Die Initiative der drei Abgeordneten sieht vor, dass in Zukunft Ärzt*innen das Medikament zur Selbsttötung verschreiben dürfen, nachdem Suizidwillige sich in einer unabhängigen Beratungsstelle vorgestellt haben. Dazu soll das Betäubungsmittelgesetz geändert werden. Sitte stellte klar, dass Mediziner*innen nicht gezwungen würden, Suizidhilfe zu leisten. Lauterbach hätte die Begrenzung der Suizidhilfe für schwerstkranke und Sterbende bevorzugt, erklärt er. Dies sehe das Urteil des BVerfG aber nicht vor.
Durch die obligatorische unentgeltliche Beratung, die höchstens acht Wochen, aber mindestens zehn Tage zurückliegen darf, soll sichergestellt werden, dass die Entscheidung dem freien Willen der Betroffenen entspreche. Auch Handlungsalternativen sollten dort besprochen werden. Minderjährige sieht Lauterbach davon ausgeschlossen. Helling-Plath ergänzte, in Einzelfällen könnte dies aber auch anders beurteilt werden. Durch diese gesetzliche Regelung solle auch kommerziellen Anbietern das Geschäftsmodell entzogen werden, sagte Sitte gegenüber »nd«. Lauterbach hätte die kommerzielle Sterbehilfe am liebsten direkt verboten.
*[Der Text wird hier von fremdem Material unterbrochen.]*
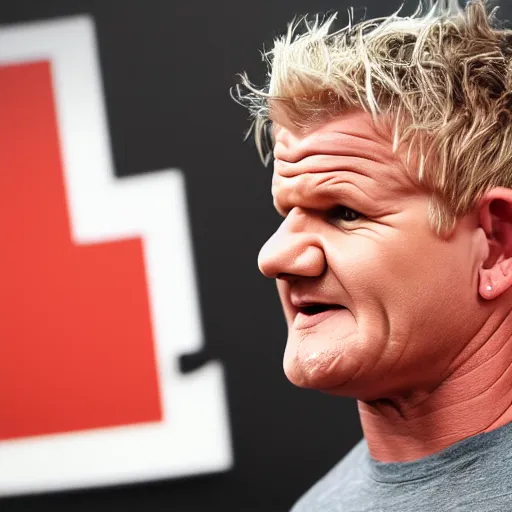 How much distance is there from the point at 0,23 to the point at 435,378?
956mm

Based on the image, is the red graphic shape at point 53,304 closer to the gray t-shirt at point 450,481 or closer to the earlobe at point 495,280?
the gray t-shirt at point 450,481

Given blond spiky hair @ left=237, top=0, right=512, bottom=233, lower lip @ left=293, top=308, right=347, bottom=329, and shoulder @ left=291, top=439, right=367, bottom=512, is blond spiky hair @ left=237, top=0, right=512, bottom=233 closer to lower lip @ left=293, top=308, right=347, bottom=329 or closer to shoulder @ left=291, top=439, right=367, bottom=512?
lower lip @ left=293, top=308, right=347, bottom=329

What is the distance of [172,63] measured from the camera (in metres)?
1.30

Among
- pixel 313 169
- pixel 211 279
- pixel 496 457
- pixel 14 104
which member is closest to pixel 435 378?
pixel 496 457

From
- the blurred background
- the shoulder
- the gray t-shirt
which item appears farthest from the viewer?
the blurred background

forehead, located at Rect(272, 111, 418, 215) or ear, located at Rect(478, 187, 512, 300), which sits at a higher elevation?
forehead, located at Rect(272, 111, 418, 215)

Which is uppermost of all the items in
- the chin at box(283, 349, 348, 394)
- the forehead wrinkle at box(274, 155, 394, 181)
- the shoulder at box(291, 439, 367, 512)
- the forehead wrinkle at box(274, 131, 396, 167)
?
the forehead wrinkle at box(274, 131, 396, 167)

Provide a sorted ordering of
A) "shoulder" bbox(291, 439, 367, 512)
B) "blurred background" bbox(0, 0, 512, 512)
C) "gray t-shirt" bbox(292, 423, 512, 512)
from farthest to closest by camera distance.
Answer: "blurred background" bbox(0, 0, 512, 512) → "shoulder" bbox(291, 439, 367, 512) → "gray t-shirt" bbox(292, 423, 512, 512)

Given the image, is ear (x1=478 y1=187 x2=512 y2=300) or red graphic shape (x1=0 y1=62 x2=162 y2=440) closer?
ear (x1=478 y1=187 x2=512 y2=300)

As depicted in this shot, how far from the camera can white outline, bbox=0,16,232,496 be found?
1.29 metres

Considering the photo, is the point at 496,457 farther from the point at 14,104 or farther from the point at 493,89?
the point at 14,104

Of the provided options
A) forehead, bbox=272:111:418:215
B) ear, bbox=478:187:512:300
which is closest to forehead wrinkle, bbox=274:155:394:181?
forehead, bbox=272:111:418:215

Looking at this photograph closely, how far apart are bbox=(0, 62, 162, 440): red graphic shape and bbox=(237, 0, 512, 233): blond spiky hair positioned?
56 cm

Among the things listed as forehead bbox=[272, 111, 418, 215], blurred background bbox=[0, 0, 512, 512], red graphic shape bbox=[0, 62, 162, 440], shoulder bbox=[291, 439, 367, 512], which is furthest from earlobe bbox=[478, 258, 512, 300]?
red graphic shape bbox=[0, 62, 162, 440] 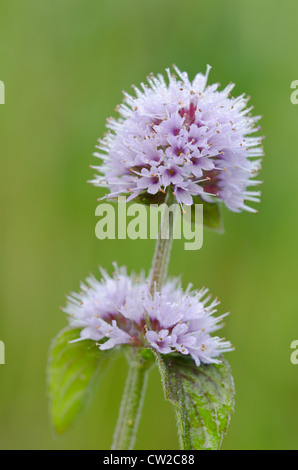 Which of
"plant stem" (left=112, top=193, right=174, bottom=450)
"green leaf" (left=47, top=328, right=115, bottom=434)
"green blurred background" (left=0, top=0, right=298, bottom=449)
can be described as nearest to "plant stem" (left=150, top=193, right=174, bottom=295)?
"plant stem" (left=112, top=193, right=174, bottom=450)

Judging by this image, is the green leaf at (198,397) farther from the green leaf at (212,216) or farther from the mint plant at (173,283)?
the green leaf at (212,216)

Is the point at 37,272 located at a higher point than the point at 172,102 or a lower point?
lower

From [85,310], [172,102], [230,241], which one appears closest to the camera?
[172,102]

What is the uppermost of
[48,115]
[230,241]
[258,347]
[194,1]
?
[194,1]

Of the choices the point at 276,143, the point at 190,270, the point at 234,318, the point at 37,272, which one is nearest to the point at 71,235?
the point at 37,272

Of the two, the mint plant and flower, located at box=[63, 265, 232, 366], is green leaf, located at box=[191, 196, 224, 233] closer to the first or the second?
the mint plant

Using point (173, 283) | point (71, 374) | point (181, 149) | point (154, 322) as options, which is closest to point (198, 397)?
point (154, 322)

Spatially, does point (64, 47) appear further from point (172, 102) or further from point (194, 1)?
point (172, 102) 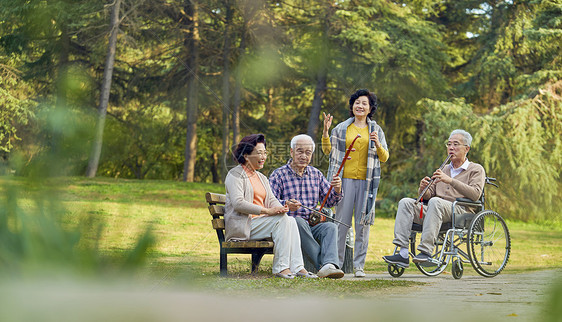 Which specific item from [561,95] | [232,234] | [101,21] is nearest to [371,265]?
[232,234]

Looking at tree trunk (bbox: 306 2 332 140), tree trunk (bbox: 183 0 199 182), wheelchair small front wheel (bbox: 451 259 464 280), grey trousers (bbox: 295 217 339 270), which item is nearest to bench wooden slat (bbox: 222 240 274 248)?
Result: grey trousers (bbox: 295 217 339 270)

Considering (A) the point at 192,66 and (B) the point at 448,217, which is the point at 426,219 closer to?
(B) the point at 448,217

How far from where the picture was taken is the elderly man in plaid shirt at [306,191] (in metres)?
5.38

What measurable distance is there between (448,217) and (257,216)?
1684mm

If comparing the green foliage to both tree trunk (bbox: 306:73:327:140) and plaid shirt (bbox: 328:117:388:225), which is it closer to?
plaid shirt (bbox: 328:117:388:225)

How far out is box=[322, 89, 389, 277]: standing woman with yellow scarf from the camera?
19.1 ft

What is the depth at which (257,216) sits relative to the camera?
5.33 metres

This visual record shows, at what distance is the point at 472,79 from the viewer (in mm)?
20656

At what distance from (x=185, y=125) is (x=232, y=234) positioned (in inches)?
755

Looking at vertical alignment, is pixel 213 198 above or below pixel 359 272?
above

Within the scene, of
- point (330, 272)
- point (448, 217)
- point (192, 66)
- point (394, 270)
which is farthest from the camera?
point (192, 66)

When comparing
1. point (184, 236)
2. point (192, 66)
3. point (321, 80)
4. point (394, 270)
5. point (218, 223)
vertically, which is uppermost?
→ point (192, 66)

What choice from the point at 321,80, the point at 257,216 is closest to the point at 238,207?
the point at 257,216

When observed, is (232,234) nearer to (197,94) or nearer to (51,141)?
(51,141) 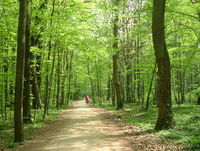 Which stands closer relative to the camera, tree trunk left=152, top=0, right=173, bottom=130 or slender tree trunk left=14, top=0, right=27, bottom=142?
slender tree trunk left=14, top=0, right=27, bottom=142

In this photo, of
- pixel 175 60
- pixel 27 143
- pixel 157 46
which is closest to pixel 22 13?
pixel 27 143

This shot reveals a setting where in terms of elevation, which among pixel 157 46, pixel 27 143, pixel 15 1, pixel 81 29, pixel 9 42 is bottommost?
pixel 27 143

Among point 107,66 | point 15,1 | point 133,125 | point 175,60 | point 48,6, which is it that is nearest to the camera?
point 133,125

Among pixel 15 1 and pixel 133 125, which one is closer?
pixel 133 125

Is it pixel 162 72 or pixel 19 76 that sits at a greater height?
pixel 162 72

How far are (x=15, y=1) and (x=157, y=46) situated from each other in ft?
→ 29.0

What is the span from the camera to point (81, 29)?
1530 centimetres

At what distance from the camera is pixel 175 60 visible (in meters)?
19.1

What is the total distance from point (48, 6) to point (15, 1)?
7.49ft

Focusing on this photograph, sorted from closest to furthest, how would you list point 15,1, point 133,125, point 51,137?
point 51,137, point 133,125, point 15,1

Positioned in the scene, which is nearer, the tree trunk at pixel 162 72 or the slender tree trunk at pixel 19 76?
the slender tree trunk at pixel 19 76

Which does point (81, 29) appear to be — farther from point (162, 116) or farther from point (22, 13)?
point (162, 116)

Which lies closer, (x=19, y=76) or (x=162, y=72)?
(x=19, y=76)

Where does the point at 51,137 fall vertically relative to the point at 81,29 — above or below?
below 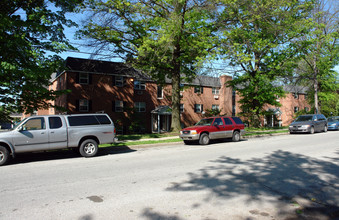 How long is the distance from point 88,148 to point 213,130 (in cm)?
734

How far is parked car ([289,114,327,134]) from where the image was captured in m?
20.6

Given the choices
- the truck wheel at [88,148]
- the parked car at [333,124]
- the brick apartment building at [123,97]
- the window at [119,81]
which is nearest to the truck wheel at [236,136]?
the brick apartment building at [123,97]

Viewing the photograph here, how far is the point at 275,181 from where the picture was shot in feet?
19.8

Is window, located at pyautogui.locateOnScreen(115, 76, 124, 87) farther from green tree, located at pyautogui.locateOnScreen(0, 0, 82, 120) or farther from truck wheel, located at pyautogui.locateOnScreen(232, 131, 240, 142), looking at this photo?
truck wheel, located at pyautogui.locateOnScreen(232, 131, 240, 142)

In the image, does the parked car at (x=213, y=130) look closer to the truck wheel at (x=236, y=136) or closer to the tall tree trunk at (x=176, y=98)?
the truck wheel at (x=236, y=136)

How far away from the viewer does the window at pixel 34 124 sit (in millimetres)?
9414

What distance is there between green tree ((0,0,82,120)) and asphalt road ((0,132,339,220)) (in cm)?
516

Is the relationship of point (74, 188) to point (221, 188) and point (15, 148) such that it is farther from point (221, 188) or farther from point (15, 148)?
point (15, 148)

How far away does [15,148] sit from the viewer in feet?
29.8

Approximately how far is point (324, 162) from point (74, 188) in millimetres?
7876

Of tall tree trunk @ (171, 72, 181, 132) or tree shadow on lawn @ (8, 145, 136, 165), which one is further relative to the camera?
tall tree trunk @ (171, 72, 181, 132)

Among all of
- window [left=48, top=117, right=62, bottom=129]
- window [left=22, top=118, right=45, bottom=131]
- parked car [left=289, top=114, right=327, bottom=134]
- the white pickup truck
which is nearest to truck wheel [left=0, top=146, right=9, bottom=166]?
the white pickup truck

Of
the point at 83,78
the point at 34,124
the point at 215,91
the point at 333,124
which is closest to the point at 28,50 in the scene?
the point at 34,124

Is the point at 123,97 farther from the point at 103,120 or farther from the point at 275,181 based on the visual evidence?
the point at 275,181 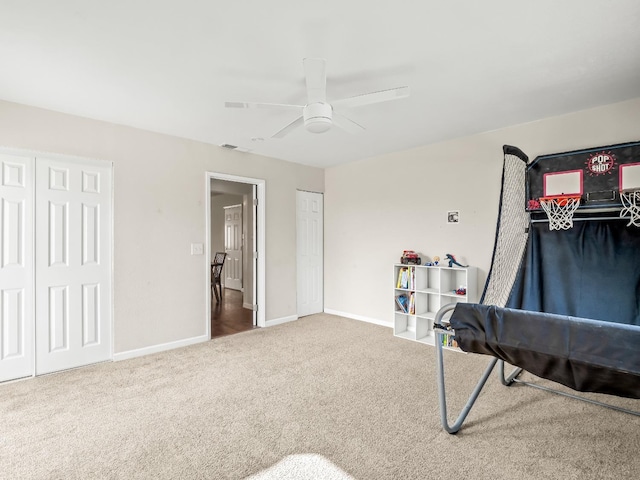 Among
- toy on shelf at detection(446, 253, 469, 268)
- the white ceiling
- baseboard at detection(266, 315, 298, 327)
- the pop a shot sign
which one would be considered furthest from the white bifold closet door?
the pop a shot sign

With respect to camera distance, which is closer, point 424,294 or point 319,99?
point 319,99

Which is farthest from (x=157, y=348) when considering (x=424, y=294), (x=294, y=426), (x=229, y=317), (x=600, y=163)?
(x=600, y=163)

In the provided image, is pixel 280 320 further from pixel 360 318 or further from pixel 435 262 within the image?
pixel 435 262

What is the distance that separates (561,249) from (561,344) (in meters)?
1.75

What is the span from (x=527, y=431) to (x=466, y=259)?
2144 millimetres

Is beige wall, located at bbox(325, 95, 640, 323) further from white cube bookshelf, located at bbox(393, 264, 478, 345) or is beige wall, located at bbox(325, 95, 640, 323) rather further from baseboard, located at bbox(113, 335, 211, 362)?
baseboard, located at bbox(113, 335, 211, 362)

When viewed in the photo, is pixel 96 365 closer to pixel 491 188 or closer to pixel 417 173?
pixel 417 173

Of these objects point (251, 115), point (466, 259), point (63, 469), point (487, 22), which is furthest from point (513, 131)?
point (63, 469)

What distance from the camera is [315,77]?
2125mm

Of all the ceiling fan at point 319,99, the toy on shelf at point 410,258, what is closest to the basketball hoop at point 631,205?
the toy on shelf at point 410,258

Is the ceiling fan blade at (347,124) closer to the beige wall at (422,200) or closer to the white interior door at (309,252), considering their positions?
the beige wall at (422,200)

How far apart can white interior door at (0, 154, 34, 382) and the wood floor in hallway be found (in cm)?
187

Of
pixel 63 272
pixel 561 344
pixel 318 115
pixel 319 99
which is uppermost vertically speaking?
pixel 319 99

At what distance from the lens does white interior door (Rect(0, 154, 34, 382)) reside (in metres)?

Das sei aber nach geltender Rechtslage nicht möglich.
Der Verein Sterbehilfe des früheren Hamburger Senators Kusch kritisierte den Vorschlag als unverhältnismäßig. Ein staatlicher Beratungszwang setze Sterbewillige einem Rechtfertigungsdruck aus. Die Deutsche Stiftung Patientenschutz hält dagegen die Beratung für unzureichend.
Ein alternativer Gesetzentwurf kommt von den Grünen-Abgeordneten Renate Künast und Katja Keul. Dieser unterscheidet, ob die Betroffenen ihren Tod wegen einer schweren Krankheit anstreben oder aus anderen Gründen. In letzterem Fall sollen besonders hohe Anforderungen gelten.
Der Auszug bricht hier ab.